Chicago | Reuters — U.S. corn futures inched higher on Monday on position-squaring ahead of a key monthly U.S. government crop report later this week and worries about forecasts for a freeze looming for the northwestern Corn Belt, traders said.
Soybeans and wheat closed lower after a choppy session.
Chicago Board of Trade December corn settled up 2-1/4 cents at $3.87 per bushel but stayed inside of Friday’s trading range (all figures US$). November soybeans ended down one cent at $9.15-1/4 a bushel, and December wheat fell 1-1/4 cents at $4.89-1/4 a bushel.
Commodity funds hold a net short position in CBOT corn futures, leaving the market vulnerable to bouts of short-covering, especially in advance of the U.S. Department of Agriculture’s Oct. 10 supply/demand report.
Analysts surveyed by Reuters on average expect the government to lower its forecasts of U.S. yield, production and 2019-20 ending stocks for both corn and soybeans.
“All eyes are on the crop report on Thursday, what the yield is, and the demand. It’s just balancing positions ahead of the report,” said Don Roose, president of Iowa-based U.S. Commodities.
Additional support in corn stemmed from forecasts for late-week snowstorms across the Dakotas and western Minnesota followed by a cold spell.

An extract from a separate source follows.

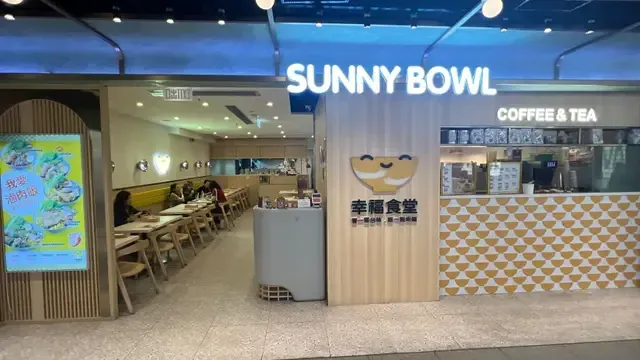 SUNNY BOWL - venue photo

Lows in northwest Iowa next weekend could dip to -2 C.
“Temperatures will… be turning much colder later this week, with a significant freeze event expected across the western Corn Belt, ending the growing season in many areas,” space technology company Maxar said in a daily weather note.
In Iowa, the top U.S. corn state, just 52 per cent of the corn was mature as of Sunday, lagging the state’s five-year average of 88 per cent, USDA said in a weekly crop progress report released after the CBOT close.
“It’s a foot-race for crops in those areas” to reach maturity ahead of the freeze, Roose said.
Nationally, the U.S. corn harvest was 15 per cent complete, USDA said, lagging the five-year average of 27 per cent and the average estimate in a Reuters poll, at 19 per cent.
USDA said the U.S. soybean harvest was 14 per cent complete, behind the five-year average of 34 per cent. Analysts on average estimated the soy harvest as 15 per cent complete.
On the global trade front, U.S. and Chinese officials meet in Washington on Thursday and Friday in a fresh effort to solve the trade war that has slashed U.S. exports of soybeans and other farm products to China.
“The U.S./China trade talks are in focus this week. But markets now want concrete indications of progress in the trade war before reacting,” said Matt Ammermann, commodity risk manager with INTL FCStone.